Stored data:
------------------------------------------------------------
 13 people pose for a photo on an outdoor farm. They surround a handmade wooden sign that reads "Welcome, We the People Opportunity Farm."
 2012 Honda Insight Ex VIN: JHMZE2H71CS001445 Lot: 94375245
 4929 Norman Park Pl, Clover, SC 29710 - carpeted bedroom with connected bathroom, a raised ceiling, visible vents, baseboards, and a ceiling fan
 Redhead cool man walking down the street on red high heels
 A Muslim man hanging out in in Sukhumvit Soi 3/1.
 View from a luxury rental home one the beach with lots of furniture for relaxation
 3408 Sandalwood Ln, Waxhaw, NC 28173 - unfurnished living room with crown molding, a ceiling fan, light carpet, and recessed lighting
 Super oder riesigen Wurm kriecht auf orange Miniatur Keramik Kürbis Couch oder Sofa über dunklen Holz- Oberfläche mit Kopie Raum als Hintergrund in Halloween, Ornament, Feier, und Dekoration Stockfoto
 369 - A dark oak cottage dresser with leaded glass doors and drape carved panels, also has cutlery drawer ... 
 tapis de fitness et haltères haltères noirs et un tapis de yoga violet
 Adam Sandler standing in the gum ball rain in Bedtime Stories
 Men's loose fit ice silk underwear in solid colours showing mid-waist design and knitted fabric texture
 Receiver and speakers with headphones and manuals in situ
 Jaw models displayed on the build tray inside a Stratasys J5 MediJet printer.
------------------------------------------------------------
### THE TASK
Return all the data exactly as given.

### THE ANSWER
 13 people pose for a photo on an outdoor farm. They surround a handmade wooden sign that reads "Welcome, We the People Opportunity Farm."
 2012 Honda Insight Ex VIN: JHMZE2H71CS001445 Lot: 94375245
 4929 Norman Park Pl, Clover, SC 29710 - carpeted bedroom with connected bathroom, a raised ceiling, visible vents, baseboards, and a ceiling fan
 Redhead cool man walking down the street on red high heels
 A Muslim man hanging out in in Sukhumvit Soi 3/1.
 View from a luxury rental home one the beach with lots of furniture for relaxation
 3408 Sandalwood Ln, Waxhaw, NC 28173 - unfurnished living room with crown molding, a ceiling fan, light carpet, and recessed lighting
 Super oder riesigen Wurm kriecht auf orange Miniatur Keramik Kürbis Couch oder Sofa über dunklen Holz- Oberfläche mit Kopie Raum als Hintergrund in Halloween, Ornament, Feier, und Dekoration Stockfoto
 369 - A dark oak cottage dresser with leaded glass doors and drape carved panels, also has cutlery drawer ... 
 tapis de fitness et haltères haltères noirs et un tapis de yoga violet
 Adam Sandler standing in the gum ball rain in Bedtime Stories
 Men's loose fit ice silk underwear in solid colours showing mid-waist design and knitted fabric texture
 Receiver and speakers with headphones and manuals in situ
 Jaw models displayed on the build tray inside a Stratasys J5 MediJet printer.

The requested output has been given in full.